Judge the work. We expect to be measured against what we build, not who's building it.

We're working on cognitive architecture, which is one of several research directions that point toward more genuinely intelligent AI. Whether the result counts as AGI depends on definitions that the field hasn't settled.

What we're convinced of is that the current generation of AI, despite remarkable capabilities, is missing something fundamental. These systems generate impressive outputs but lack persistent memory, structured belief, temporal reasoning, and the kind of accumulated understanding that biological intelligence builds over time. They are powerful tools that don't yet think.

The question of what comes next has multiple serious answers. Some labs bet on scaling existing architectures further. Some bet on new training approaches. We bet on cognitive architecture, on building systems whose representations and reasoning processes mirror what we know about how minds actually work.

If that path leads to something the field eventually calls AGI, that would be a significant outcome. If it leads to something more useful but less universal, that's also fine. We're not optimizing for a label. We're working on the architectural questions that we think matter most for the next decade of AI capability.

The honest framing is that we're a research lab pursuing a specific bet about what intelligence requires. The outcome of that bet is what we'll be judged on, not the ambition of the framing.

A smart engineer working alone for six months could replicate the obvious parts of any system, including ours. That's true of almost everything in software. The question is whether what they replicate matches the depth of what exists.

The visible parts of Anant include vector storage, graph relationships, retrieval, and language model integration. A capable engineer could rebuild surface level versions of these in months.
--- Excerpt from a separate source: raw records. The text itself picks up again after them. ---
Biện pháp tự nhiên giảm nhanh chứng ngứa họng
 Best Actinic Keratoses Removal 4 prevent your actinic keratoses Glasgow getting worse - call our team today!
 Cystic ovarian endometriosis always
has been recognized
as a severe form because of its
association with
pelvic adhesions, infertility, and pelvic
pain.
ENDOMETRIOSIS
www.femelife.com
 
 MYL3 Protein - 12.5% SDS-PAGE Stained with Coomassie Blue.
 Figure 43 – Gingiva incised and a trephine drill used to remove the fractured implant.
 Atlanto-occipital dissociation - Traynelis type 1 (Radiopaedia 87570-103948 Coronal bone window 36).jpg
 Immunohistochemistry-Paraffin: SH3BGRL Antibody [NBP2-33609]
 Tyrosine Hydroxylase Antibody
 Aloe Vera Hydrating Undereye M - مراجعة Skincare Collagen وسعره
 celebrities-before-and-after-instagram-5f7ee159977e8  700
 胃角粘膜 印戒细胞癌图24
The non obvious parts are what compound over time. How extraction handles ambiguity in real conversations. How belief states transition based on accumulated evidence. How consolidation balances merging similar memories with preserving useful distinctions. How retrieval ranks results when channels disagree. How deployment patterns work for institutional contexts. How the system handles the long tail of edge cases that appear in real usage.

These details came from building, deploying, testing, breaking, and rebuilding the system over time with real data. They aren't published in a paper. They aren't visible from the outside. They're the difference between something that demos well and something that works.

Our moat isn't a single algorithm or a patent. It's the accumulated depth of decisions, tradeoffs, and learnings that come from being focused on one thing for a long time. That depth keeps growing. Every month of operation adds to it. Every customer surfaces edge cases that improve the system. Every research direction we pursue compounds with what already exists.

If a competitor wants to replicate the system in six months, they'll get the visible parts. They'll spend years catching up to the rest, and by then we'll have moved further. That's how research labs build durable advantage.